→ Task statement
Repeat the listing word for word. Leave every picture out.

→ Records for processing
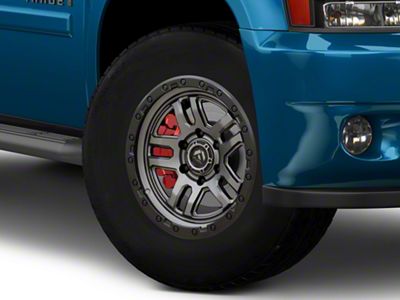 Fuel Wheels Ammo Matte Gunmetal with Black Bead Ring 6-Lug Wheel; 18x9; -12mm Offset (23-25 Canyon)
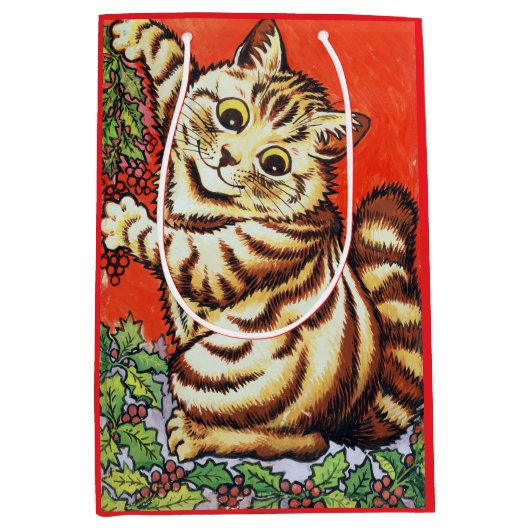 Louis Wain Christmas Cat Decorating Tree Gift Bag ミディアムペーパーバッグ (正面)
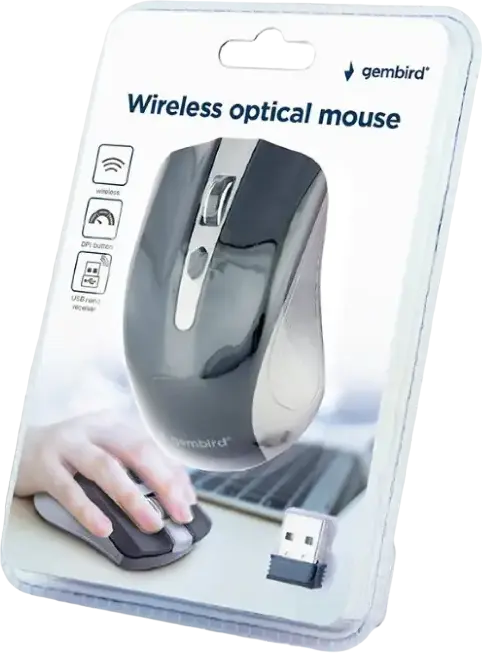 Gembird MUSW-4B-04-GB Wireless Optical Mouse, 4 Buttons, 800/1200/1600 DPI Adjustable, 2.4 GHz Nano USB Receiver, Ambidextrous, Grey/Black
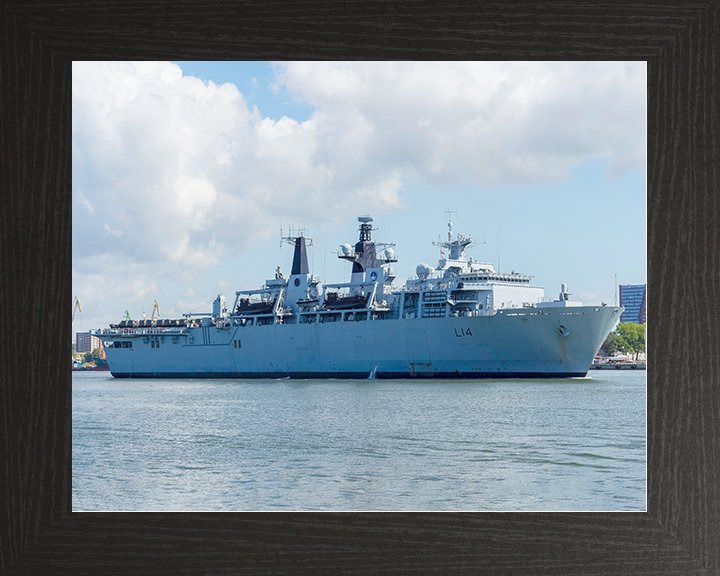 HMS Albion (L14) Royal Navy Albion Class Amphibious Ship Low Starboard View Photo Print Wall Art Naval Decor Posters, Prints, & Visual Artwork Hampshire Prints 10 x 8 Black Frame No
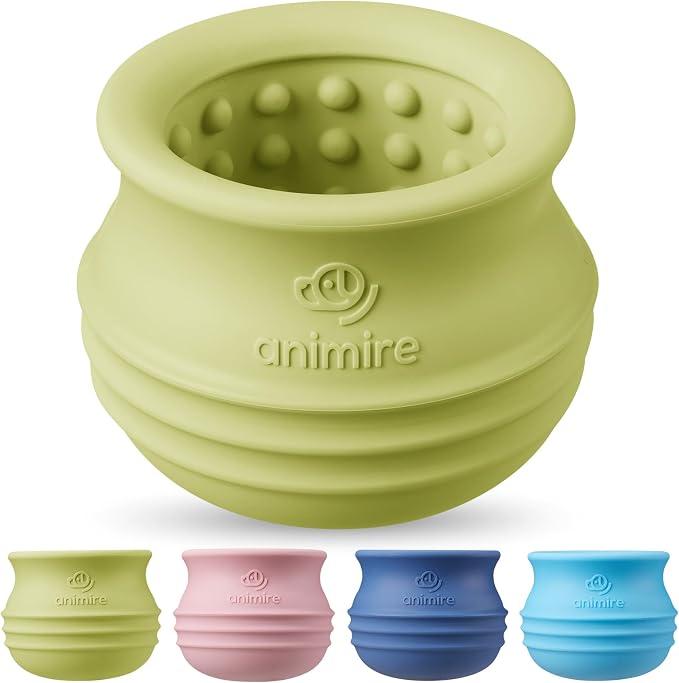 Treat Dispensing Dog Toy, Long-Lasting Interactive Puzzle Toys for Dogs, Stuffable Dog Enrichment Frozen Lick Treat Toy for Boredom, BPA Free Silicone Fetch Catch Chew Toy (Green,L)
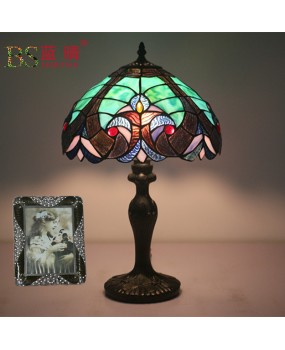 Cross border foreign trade Ti American retro desk lamp, bedroom bedside table lamp, creative bar coffee shop colored glass desk lamp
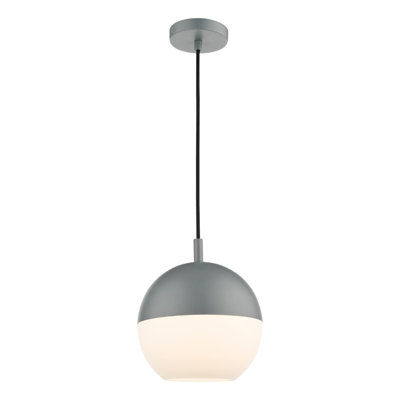The Lighting Studio Andre Single Pendant Matt Grey And Opal Glass from B&Q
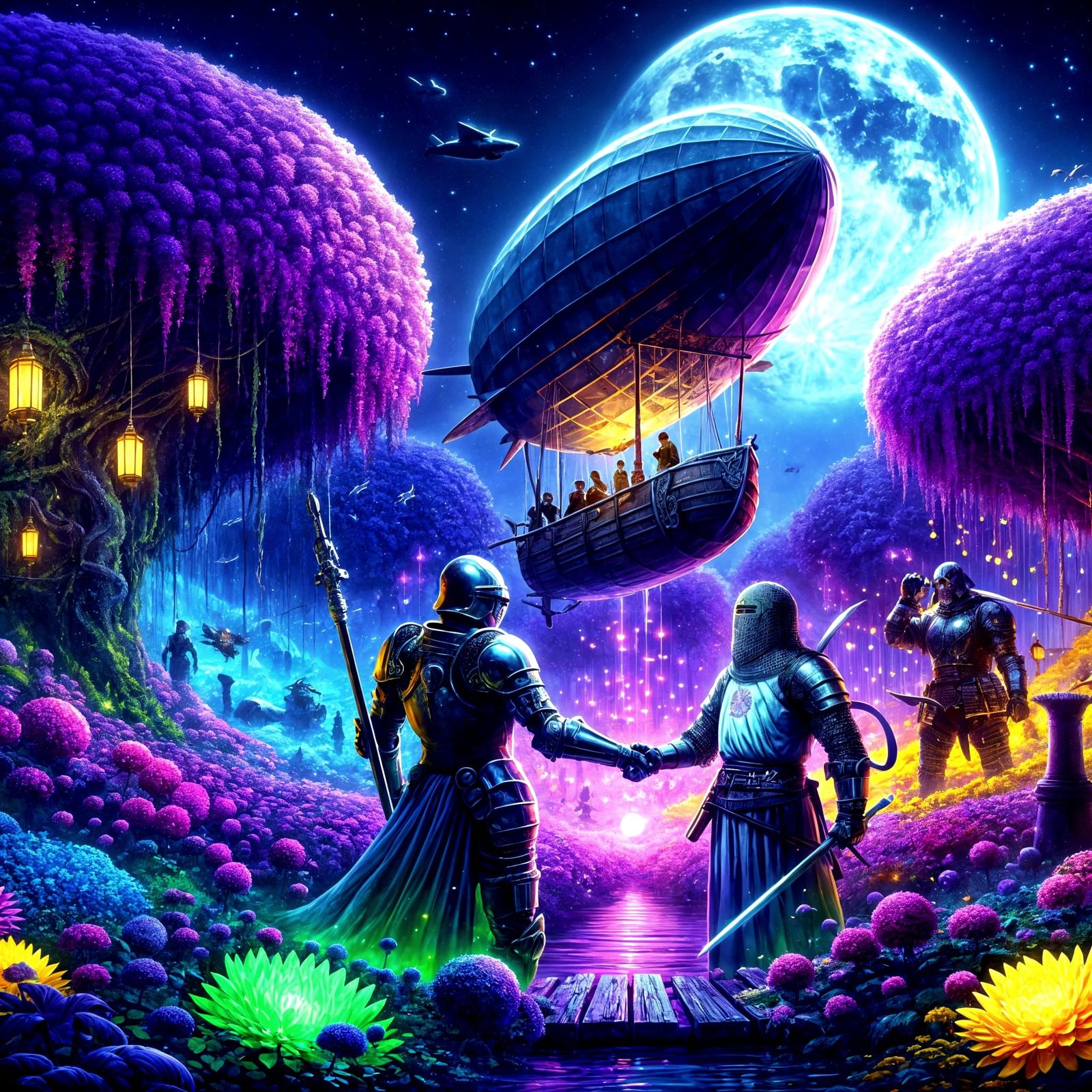 Retro-Futuristic Knights Meet Amidst Bioluminescent Garden i...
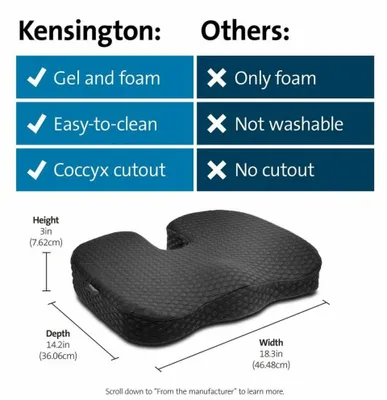 Productafbeelding van Kensington Sedák Premium Cool-Gel, Zitkussen, Traagschuim, Stoelaccessoire, Zwart, Effen, Met rits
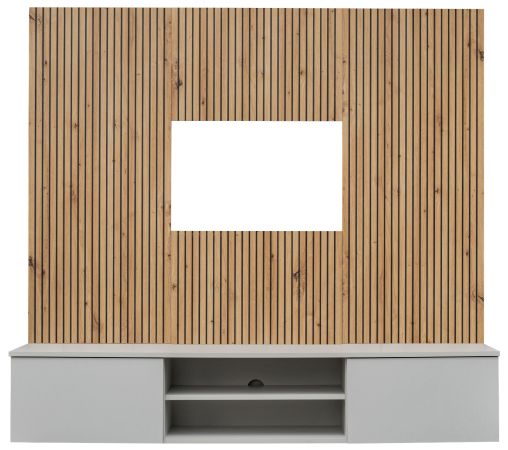 TV-Lowboard Set iLike in hellem Grau und Artisan Eiche 160 cm, Flat-TV Unterschrank mit Akustikpaneel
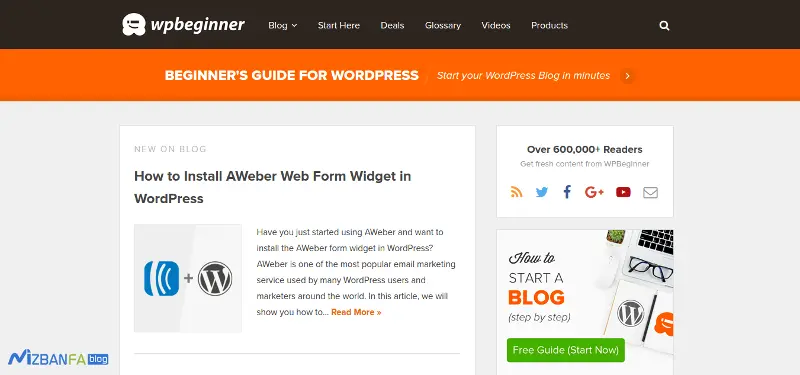 وردپرس بگینر WPBeginner معروف ترین سایت های وردپرس خارجی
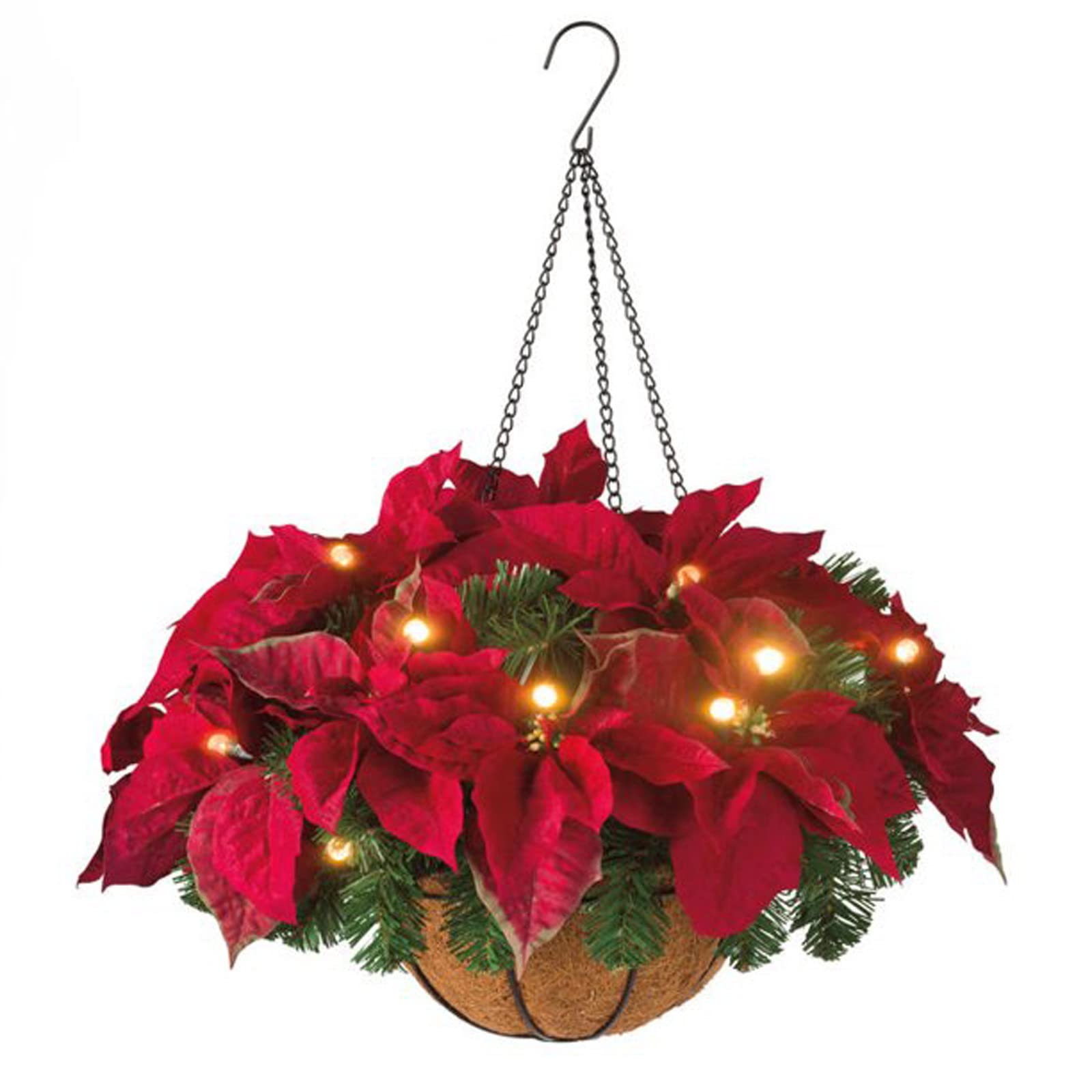 Pre-Lit Artificial Christmas Hanging Basket with LED Lights - Frosted Berry & Pine Cone Decor - Holiday Home & Outdoor Decor for Porch, Mantel, or Front Door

→ Written answer
 Fuel Wheels Ammo Matte Gunmetal with Black Bead Ring 6-Lug Wheel; 18x9; -12mm Offset (23-25 Canyon)
 Louis Wain Christmas Cat Decorating Tree Gift Bag ミディアムペーパーバッグ (正面)
 Gembird MUSW-4B-04-GB Wireless Optical Mouse, 4 Buttons, 800/1200/1600 DPI Adjustable, 2.4 GHz Nano USB Receiver, Ambidextrous, Grey/Black
 HMS Albion (L14) Royal Navy Albion Class Amphibious Ship Low Starboard View Photo Print Wall Art Naval Decor Posters, Prints, & Visual Artwork Hampshire Prints 10 x 8 Black Frame No
 Treat Dispensing Dog Toy, Long-Lasting Interactive Puzzle Toys for Dogs, Stuffable Dog Enrichment Frozen Lick Treat Toy for Boredom, BPA Free Silicone Fetch Catch Chew Toy (Green,L)
 Cross border foreign trade Ti American retro desk lamp, bedroom bedside table lamp, creative bar coffee shop colored glass desk lamp
The Lighting Studio Andre Single Pendant Matt Grey And Opal Glass from B&Q
 Retro-Futuristic Knights Meet Amidst Bioluminescent Garden i...
 Productafbeelding van Kensington Sedák Premium Cool-Gel, Zitkussen, Traagschuim, Stoelaccessoire, Zwart, Effen, Met rits
 TV-Lowboard Set iLike in hellem Grau und Artisan Eiche 160 cm, Flat-TV Unterschrank mit Akustikpaneel
 وردپرس بگینر WPBeginner معروف ترین سایت های وردپرس خارجی
 Pre-Lit Artificial Christmas Hanging Basket with LED Lights - Frosted Berry & Pine Cone Decor - Holiday Home & Outdoor Decor for Porch, Mantel, or Front Door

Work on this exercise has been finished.